_Crawled caption data_
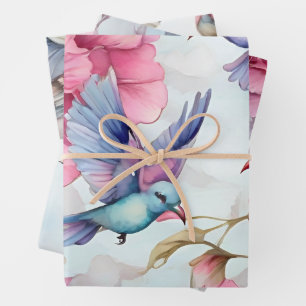 Pretty Pink Carnations Beautiful Bird Mix Wrapping Paper Sheet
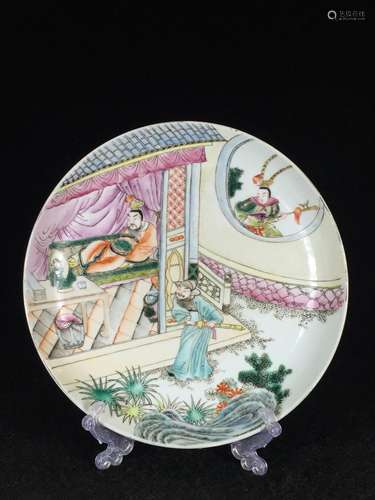 CHINESE FAMILLE ROSE PLATE, FIGURAL SCENE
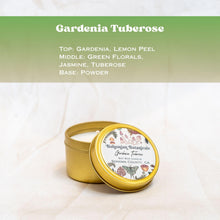 Load image into Gallery viewer, Gardenia Tuberose Soy Wax Candle- 4oz Travel Tin
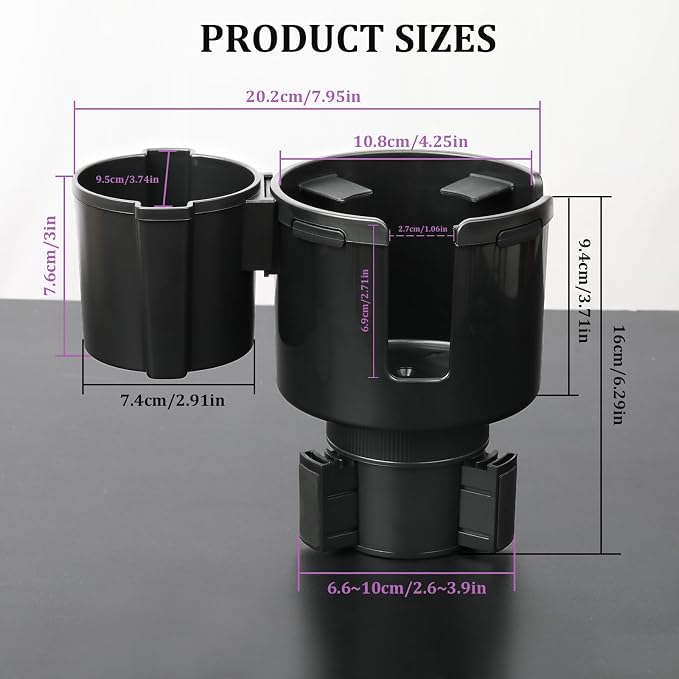 JINKEY 2 in 1 Cup Holder Expander, Extra Cup Holders Extender with Adjustable Car Cup Insert for Car Front Seat for Yeti，Hydroflask and Other Large Water Bottles & Mugs in 3.74"-4.25"(10-46 Oz) - Image 7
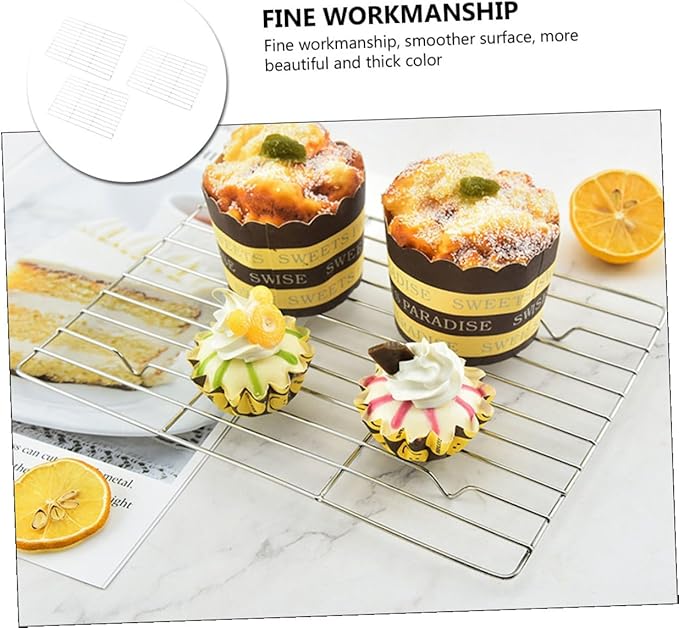 3pcs Nonstick Stainless Steel Baking Cake Cooler Rack Set, Small Pastry Cooling Holder for Oven and Kitchen Use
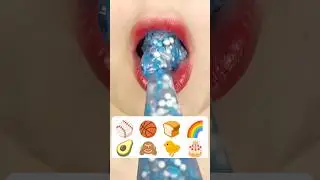 ASMR EMOJI FOOD sprinkle party dried marshmallow popping candy jelly milk eating sounds #shorts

_What you need to do_
Word for word, copy the lines from the one with "CHINESE FAMILLE ROSE PLATE, FIGURAL SCENE" through the end of the entries above, and do not include any picture.

_Result for this task_
 CHINESE FAMILLE ROSE PLATE, FIGURAL SCENE
 Load image into Gallery viewer, Gardenia Tuberose Soy Wax Candle- 4oz Travel Tin
 JINKEY 2 in 1 Cup Holder Expander, Extra Cup Holders Extender with Adjustable Car Cup Insert for Car Front Seat for Yeti，Hydroflask and Other Large Water Bottles & Mugs in 3.74"-4.25"(10-46 Oz) - Image 7
 3pcs Nonstick Stainless Steel Baking Cake Cooler Rack Set, Small Pastry Cooling Holder for Oven and Kitchen Use
 ASMR EMOJI FOOD sprinkle party dried marshmallow popping candy jelly milk eating sounds #shorts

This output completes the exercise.